* [Assignment]: Could you reproduce, from the records below, everything from the line with "Amosfun Panier à" down to the line with "Apple imac i7 10700k - apple, i7-10700k", keeping both of those lines and changing nothing?

* [Extracted information]:
--- START ---

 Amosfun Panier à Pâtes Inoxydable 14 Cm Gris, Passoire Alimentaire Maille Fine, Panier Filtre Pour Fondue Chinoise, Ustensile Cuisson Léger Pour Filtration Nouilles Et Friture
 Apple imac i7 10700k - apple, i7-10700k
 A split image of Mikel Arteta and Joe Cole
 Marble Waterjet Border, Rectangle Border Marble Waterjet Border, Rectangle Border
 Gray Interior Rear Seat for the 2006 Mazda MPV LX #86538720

--- END ---
--- START ---

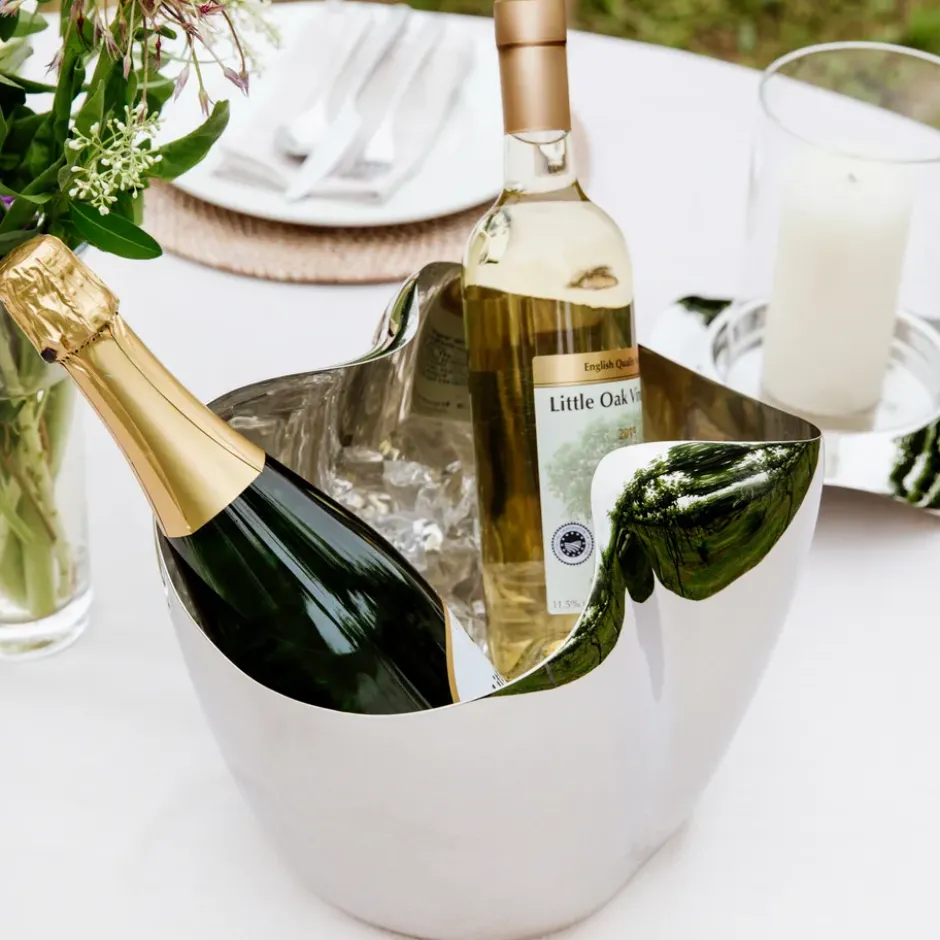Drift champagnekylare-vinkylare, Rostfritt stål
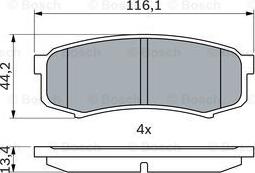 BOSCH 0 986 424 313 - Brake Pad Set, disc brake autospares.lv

--- END ---

* [Finished task]:
 Amosfun Panier à Pâtes Inoxydable 14 Cm Gris, Passoire Alimentaire Maille Fine, Panier Filtre Pour Fondue Chinoise, Ustensile Cuisson Léger Pour Filtration Nouilles Et Friture
 Apple imac i7 10700k - apple, i7-10700k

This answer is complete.